(Dataset records)

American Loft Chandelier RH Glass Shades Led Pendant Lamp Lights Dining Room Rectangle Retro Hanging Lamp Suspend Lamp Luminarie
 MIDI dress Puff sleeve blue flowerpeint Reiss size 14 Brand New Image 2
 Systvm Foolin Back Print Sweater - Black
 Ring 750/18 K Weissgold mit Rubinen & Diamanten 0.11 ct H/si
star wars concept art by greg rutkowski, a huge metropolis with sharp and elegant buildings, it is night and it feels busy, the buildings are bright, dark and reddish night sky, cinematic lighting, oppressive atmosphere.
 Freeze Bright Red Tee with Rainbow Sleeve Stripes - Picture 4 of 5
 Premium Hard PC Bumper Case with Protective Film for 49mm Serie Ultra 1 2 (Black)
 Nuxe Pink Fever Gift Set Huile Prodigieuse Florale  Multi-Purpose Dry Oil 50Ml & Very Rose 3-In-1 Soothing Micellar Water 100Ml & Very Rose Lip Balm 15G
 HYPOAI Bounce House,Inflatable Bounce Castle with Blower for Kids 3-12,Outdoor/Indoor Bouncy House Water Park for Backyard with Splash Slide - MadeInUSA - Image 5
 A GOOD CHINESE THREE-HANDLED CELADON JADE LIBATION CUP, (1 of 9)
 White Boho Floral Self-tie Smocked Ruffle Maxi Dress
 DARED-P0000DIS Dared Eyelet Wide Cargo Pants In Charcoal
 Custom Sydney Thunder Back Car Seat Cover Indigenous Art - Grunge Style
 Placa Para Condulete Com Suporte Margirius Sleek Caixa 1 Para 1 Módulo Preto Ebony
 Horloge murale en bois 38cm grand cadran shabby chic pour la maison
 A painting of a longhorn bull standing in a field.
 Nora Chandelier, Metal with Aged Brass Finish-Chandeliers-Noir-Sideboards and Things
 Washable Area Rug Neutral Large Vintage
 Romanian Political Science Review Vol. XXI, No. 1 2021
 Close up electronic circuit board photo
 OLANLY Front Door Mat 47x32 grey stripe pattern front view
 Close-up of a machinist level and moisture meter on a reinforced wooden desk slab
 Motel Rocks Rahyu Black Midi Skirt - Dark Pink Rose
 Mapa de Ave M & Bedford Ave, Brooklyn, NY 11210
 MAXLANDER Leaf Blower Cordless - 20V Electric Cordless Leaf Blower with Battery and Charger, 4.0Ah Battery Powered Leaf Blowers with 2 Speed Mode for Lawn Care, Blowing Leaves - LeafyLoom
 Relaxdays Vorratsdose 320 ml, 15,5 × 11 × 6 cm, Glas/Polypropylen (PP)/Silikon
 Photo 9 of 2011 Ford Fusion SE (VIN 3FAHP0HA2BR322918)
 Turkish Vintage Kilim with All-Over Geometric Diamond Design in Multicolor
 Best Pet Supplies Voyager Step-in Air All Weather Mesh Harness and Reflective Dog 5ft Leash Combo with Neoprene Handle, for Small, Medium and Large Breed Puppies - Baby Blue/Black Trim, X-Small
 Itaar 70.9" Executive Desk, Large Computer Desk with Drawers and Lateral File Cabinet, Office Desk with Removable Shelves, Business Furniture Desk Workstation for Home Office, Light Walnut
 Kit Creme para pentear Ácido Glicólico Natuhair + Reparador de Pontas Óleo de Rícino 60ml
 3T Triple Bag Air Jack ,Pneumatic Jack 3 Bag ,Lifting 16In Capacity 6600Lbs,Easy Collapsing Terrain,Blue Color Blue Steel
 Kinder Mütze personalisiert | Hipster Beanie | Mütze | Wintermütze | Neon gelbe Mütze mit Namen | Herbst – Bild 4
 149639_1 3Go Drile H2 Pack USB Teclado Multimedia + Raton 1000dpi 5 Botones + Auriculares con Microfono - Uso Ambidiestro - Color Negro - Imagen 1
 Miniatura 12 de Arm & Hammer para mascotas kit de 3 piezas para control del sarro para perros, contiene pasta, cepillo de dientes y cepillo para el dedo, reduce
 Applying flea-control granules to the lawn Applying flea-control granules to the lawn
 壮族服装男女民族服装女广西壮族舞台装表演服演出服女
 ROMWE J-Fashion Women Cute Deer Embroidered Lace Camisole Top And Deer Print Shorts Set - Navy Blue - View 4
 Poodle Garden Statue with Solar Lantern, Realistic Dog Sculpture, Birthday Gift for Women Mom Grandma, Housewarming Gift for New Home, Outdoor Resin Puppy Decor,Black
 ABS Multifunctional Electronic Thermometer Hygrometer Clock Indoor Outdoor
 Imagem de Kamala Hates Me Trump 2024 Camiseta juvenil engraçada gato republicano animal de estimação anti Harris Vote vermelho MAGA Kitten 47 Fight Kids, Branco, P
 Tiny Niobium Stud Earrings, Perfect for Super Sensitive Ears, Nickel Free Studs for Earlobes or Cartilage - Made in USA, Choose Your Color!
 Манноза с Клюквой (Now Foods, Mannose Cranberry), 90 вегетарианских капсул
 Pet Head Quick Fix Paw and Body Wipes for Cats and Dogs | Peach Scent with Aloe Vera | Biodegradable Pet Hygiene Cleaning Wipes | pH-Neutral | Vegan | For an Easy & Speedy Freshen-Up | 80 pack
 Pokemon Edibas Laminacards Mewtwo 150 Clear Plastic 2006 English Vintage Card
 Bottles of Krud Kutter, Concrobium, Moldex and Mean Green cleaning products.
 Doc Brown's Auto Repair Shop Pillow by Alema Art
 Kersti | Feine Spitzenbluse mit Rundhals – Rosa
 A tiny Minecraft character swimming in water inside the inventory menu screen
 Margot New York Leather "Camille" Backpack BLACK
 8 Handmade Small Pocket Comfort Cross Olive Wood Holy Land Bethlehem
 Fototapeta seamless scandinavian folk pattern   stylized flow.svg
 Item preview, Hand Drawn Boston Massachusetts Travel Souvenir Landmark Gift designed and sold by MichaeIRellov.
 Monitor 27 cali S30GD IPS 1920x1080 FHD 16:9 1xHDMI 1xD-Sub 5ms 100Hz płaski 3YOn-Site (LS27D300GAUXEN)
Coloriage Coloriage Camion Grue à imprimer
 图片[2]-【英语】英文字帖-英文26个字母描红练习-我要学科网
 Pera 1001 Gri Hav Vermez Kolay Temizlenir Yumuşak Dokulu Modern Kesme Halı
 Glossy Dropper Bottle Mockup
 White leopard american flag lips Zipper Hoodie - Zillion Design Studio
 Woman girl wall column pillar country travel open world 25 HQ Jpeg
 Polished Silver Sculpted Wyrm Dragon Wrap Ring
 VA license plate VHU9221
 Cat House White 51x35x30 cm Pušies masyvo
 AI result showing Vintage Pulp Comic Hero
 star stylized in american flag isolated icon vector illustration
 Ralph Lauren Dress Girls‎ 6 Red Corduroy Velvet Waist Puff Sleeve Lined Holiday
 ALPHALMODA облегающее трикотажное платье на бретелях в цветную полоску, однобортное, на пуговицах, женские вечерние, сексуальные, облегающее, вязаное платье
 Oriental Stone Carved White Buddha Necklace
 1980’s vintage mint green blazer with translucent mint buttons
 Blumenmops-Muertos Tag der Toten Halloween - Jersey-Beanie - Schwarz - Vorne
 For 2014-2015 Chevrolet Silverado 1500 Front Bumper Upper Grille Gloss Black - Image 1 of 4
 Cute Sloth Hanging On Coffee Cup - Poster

EXERCISE OBJECTIVE> In the entries above, one line contains "图片[2]-【英语】英文字帖-英文26个字母描红练习-我要学科网" and another contains "For 2014-2015 Chevrolet". Reproduce exactly those two lines and the lines between them, nothing else.

RESPONSE TO THIS EXERCISE>
 图片[2]-【英语】英文字帖-英文26个字母描红练习-我要学科网
 Pera 1001 Gri Hav Vermez Kolay Temizlenir Yumuşak Dokulu Modern Kesme Halı
 Glossy Dropper Bottle Mockup
 White leopard american flag lips Zipper Hoodie - Zillion Design Studio
 Woman girl wall column pillar country travel open world 25 HQ Jpeg
 Polished Silver Sculpted Wyrm Dragon Wrap Ring
 VA license plate VHU9221
 Cat House White 51x35x30 cm Pušies masyvo
 AI result showing Vintage Pulp Comic Hero
 star stylized in american flag isolated icon vector illustration
 Ralph Lauren Dress Girls‎ 6 Red Corduroy Velvet Waist Puff Sleeve Lined Holiday
 ALPHALMODA облегающее трикотажное платье на бретелях в цветную полоску, однобортное, на пуговицах, женские вечерние, сексуальные, облегающее, вязаное платье
 Oriental Stone Carved White Buddha Necklace
 1980’s vintage mint green blazer with translucent mint buttons
 Blumenmops-Muertos Tag der Toten Halloween - Jersey-Beanie - Schwarz - Vorne
 For 2014-2015 Chevrolet Silverado 1500 Front Bumper Upper Grille Gloss Black - Image 1 of 4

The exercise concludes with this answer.